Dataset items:
········

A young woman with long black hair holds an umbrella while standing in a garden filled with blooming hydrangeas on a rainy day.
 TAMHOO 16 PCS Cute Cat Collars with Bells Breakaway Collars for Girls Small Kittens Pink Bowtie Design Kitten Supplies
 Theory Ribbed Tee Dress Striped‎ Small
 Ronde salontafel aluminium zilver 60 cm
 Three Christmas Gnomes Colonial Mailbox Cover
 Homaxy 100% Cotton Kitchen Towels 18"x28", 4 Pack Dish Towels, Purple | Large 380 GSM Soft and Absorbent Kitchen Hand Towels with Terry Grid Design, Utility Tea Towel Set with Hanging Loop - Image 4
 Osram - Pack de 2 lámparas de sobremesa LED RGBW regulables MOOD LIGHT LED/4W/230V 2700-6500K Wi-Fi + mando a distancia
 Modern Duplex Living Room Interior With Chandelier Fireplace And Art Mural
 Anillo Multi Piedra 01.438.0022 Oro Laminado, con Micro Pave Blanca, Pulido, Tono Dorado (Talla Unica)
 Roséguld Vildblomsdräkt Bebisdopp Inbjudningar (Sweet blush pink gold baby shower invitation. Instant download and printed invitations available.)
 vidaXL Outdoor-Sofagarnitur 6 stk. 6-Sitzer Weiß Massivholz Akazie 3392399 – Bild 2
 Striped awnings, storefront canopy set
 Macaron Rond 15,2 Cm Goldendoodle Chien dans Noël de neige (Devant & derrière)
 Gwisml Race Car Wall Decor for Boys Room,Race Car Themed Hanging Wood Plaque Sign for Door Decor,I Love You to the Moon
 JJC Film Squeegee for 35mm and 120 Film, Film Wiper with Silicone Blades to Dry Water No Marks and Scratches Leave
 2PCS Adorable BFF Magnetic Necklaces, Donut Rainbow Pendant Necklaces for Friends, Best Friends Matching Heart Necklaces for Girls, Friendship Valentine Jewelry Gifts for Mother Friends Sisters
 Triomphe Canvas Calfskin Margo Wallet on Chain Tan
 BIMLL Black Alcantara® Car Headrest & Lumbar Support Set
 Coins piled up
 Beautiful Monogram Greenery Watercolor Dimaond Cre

········

▶ WHAT IS EXPECTED: Repeat only the lines starting at the one that contains "Theory Ribbed Tee Dress Striped‎ Small" and ending at the last line above, exactly as written.

▶ WRITTEN REPLY:
 Theory Ribbed Tee Dress Striped‎ Small
 Ronde salontafel aluminium zilver 60 cm
 Three Christmas Gnomes Colonial Mailbox Cover
 Homaxy 100% Cotton Kitchen Towels 18"x28", 4 Pack Dish Towels, Purple | Large 380 GSM Soft and Absorbent Kitchen Hand Towels with Terry Grid Design, Utility Tea Towel Set with Hanging Loop - Image 4
 Osram - Pack de 2 lámparas de sobremesa LED RGBW regulables MOOD LIGHT LED/4W/230V 2700-6500K Wi-Fi + mando a distancia
 Modern Duplex Living Room Interior With Chandelier Fireplace And Art Mural
 Anillo Multi Piedra 01.438.0022 Oro Laminado, con Micro Pave Blanca, Pulido, Tono Dorado (Talla Unica)
 Roséguld Vildblomsdräkt Bebisdopp Inbjudningar (Sweet blush pink gold baby shower invitation. Instant download and printed invitations available.)
 vidaXL Outdoor-Sofagarnitur 6 stk. 6-Sitzer Weiß Massivholz Akazie 3392399 – Bild 2
 Striped awnings, storefront canopy set
 Macaron Rond 15,2 Cm Goldendoodle Chien dans Noël de neige (Devant & derrière)
 Gwisml Race Car Wall Decor for Boys Room,Race Car Themed Hanging Wood Plaque Sign for Door Decor,I Love You to the Moon
 JJC Film Squeegee for 35mm and 120 Film, Film Wiper with Silicone Blades to Dry Water No Marks and Scratches Leave
 2PCS Adorable BFF Magnetic Necklaces, Donut Rainbow Pendant Necklaces for Friends, Best Friends Matching Heart Necklaces for Girls, Friendship Valentine Jewelry Gifts for Mother Friends Sisters
 Triomphe Canvas Calfskin Margo Wallet on Chain Tan
 BIMLL Black Alcantara® Car Headrest & Lumbar Support Set
 Coins piled up
 Beautiful Monogram Greenery Watercolor Dimaond Cre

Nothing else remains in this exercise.